Tubal implants are a permanent type of birth control. They are small metal springs that are placed in your fallopian tubes. This is done without cutting the skin.

Over time, scar tissue grows around each implant. The scar tissue blocks the tubes. This stops eggs from moving from the ovaries into the fallopian tubes. These are the tubes where the egg is fertilized by a sperm.

The procedure is done in a doctor's office or an outpatient surgery center. It may be done in a hospital. It takes about 30 minutes. You may be able to go back to your normal routine the same day. But if you have medicine to help you relax, give yourself a day to rest.

How do you prepare for the procedure?

Procedures can be stressful. This information will help you understand what you can expect. And it will help you safely prepare for your procedure.

Preparing for the procedure

 
  • Be sure you have someone to take you home. Anesthesia and pain medicine will make it unsafe for you to drive or get home on your own.
  • You will be kept comfortable and safe by your anesthesia provider. You may get medicine that relaxes you or puts you in a light sleep. The area being worked on will be numb.
  • Understand exactly what procedure is planned, along with the risks, benefits, and other options.
  • If you take aspirin or some other blood thinner, ask your doctor if you should stop taking it before your procedure. Make sure that you understand exactly what your doctor wants you to do.

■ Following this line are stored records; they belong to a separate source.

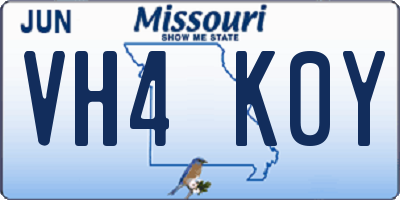 MO license plate VH4K0Y
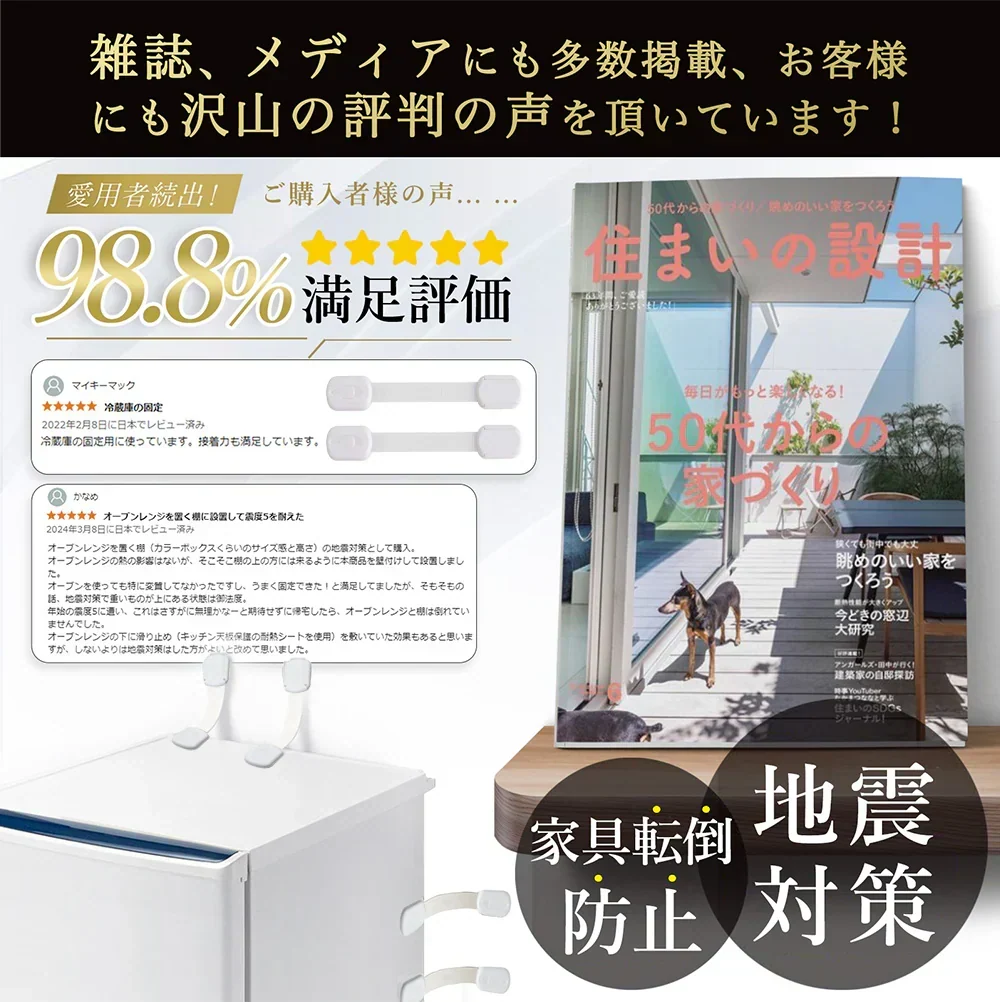 特別割引【緊急時に役立つ】＼6個セット／ロック 防災ロック 地震対策 防災グッズ 防災用品 とびらロック 地震対策 ベビーガード ドアロック 子供指はさみ防止 ドアロック 角対応 引き出しロック 赤ちゃん いたずら防止 地震対策 引き戸 食器棚 安全ロック 冷蔵庫ドア 耐震グッズ 自動でロック 地震 防災グッズ 吊戸棚用 耐震ロック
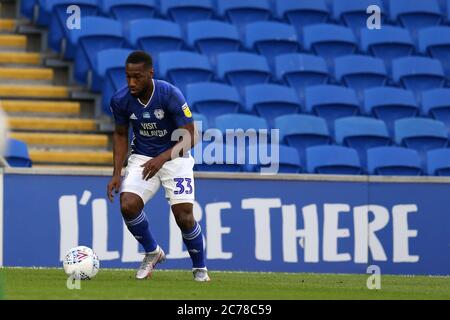 Cardiff, Regno Unito. 14 luglio 2020. Junior Hoilett della città di Cardiff in azione. EFL Skybet Championship, Cardiff City contro Derby County al Cardiff City Stadium di Cardiff, Galles, martedì 14 luglio 2020. Questa immagine può essere utilizzata solo per scopi editoriali. Solo per uso editoriale, licenza richiesta per uso commerciale. Non si può usare nelle scommesse, nei giochi o nelle pubblicazioni di un singolo club/campionato/giocatore. pic di Andrew Orchard/Andrew Orchard sport photography/Alamy Live news Credit: Andrew Orchard sports photography/Alamy Live News Foto Stock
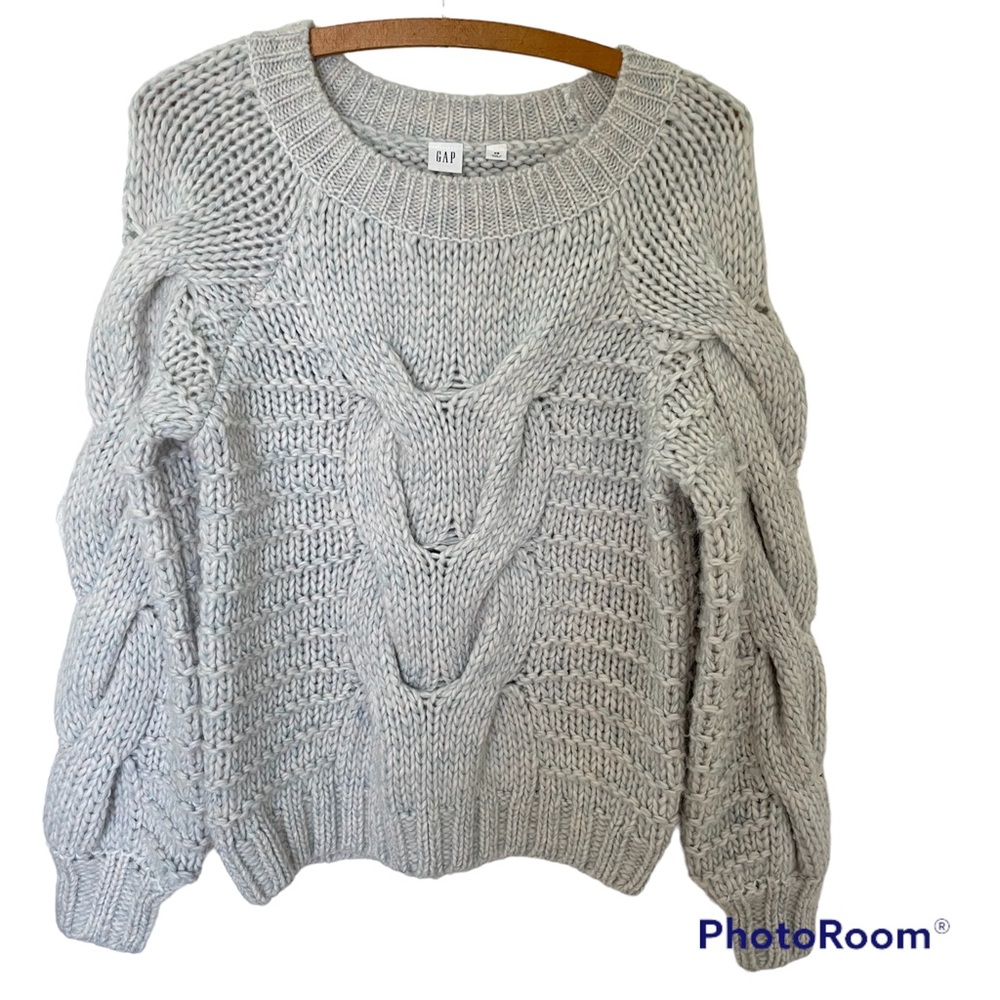 Gap Oversized Chunky Cable Light Blue/ cream Sweater XSmall wool alpaca blend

These medicines increase the risk of bleeding.
  • Tell your doctor ALL the medicines, vitamins, supplements, and herbal remedies you take. Some may increase the risk of problems during your procedure. Your doctor will tell you if you should stop taking any of them before the procedure and how soon to do it.
  • Make sure your doctor and the hospital have a copy of your advance directive. If you don't have one, you may want to prepare one. It lets others know your health care wishes. It's a good thing to have before any type of surgery or procedure.

What happens on the day of the procedure?

  • Follow the instructions exactly about when to stop eating and drinking. If you don't, your procedure may be canceled. If your doctor told you to take your medicines on the day of the procedure, take them with only a sip of water.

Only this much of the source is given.